TASK OBJECTIVE
What you return should be the lines from the one with "Halloween Batman Giant" through the one with "407 Gardner St — Photo 23" in the data below, reproduced exactly with both ends, and no pictures at all.

RECORD EXCERPTS
■ ■ ■ ■ ■ ■ ■

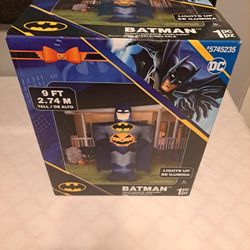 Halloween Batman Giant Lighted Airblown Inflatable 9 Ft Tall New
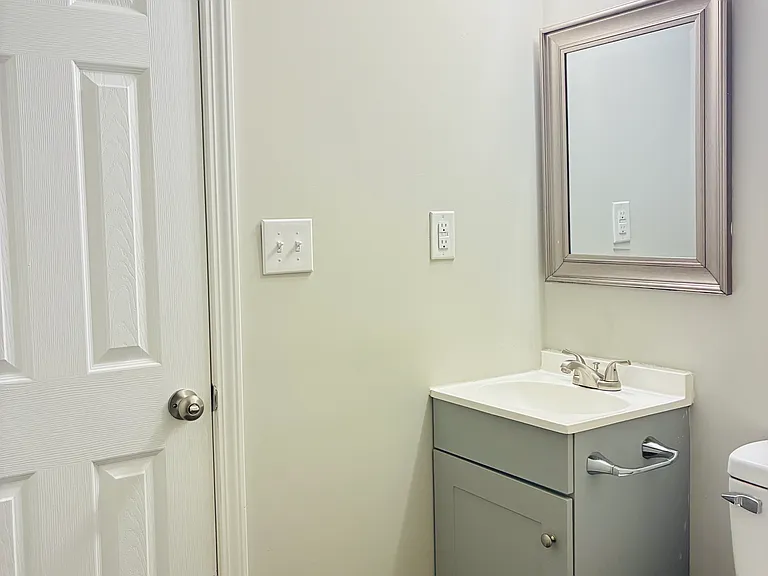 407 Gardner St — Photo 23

■ ■ ■ ■ ■ ■ ■

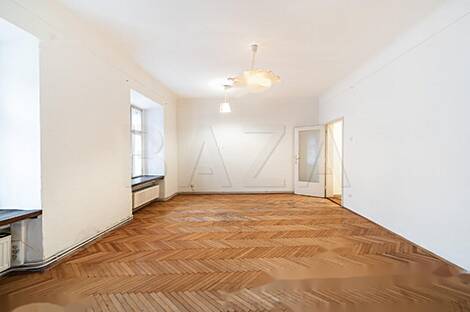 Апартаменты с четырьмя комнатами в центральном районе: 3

■ ■ ■ ■ ■ ■ ■

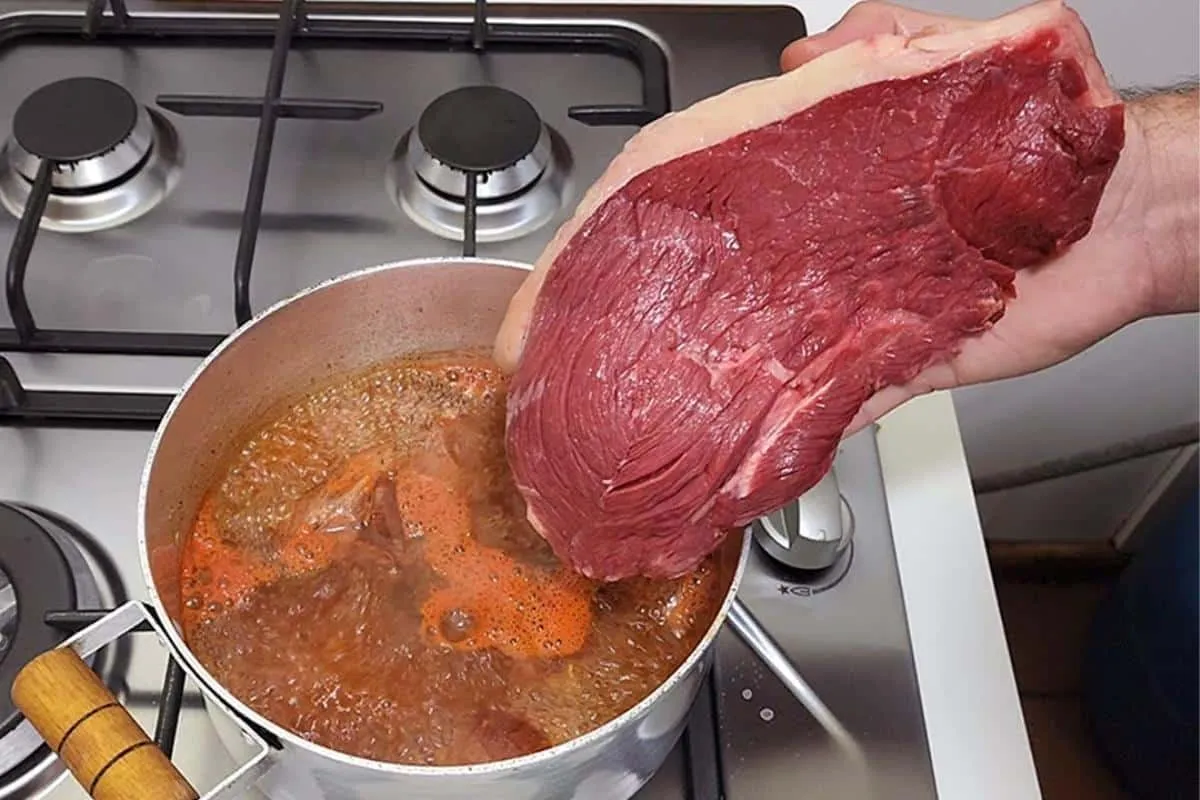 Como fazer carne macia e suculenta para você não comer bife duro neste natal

■ ■ ■ ■ ■ ■ ■

REPLY
 Halloween Batman Giant Lighted Airblown Inflatable 9 Ft Tall New
 407 Gardner St — Photo 23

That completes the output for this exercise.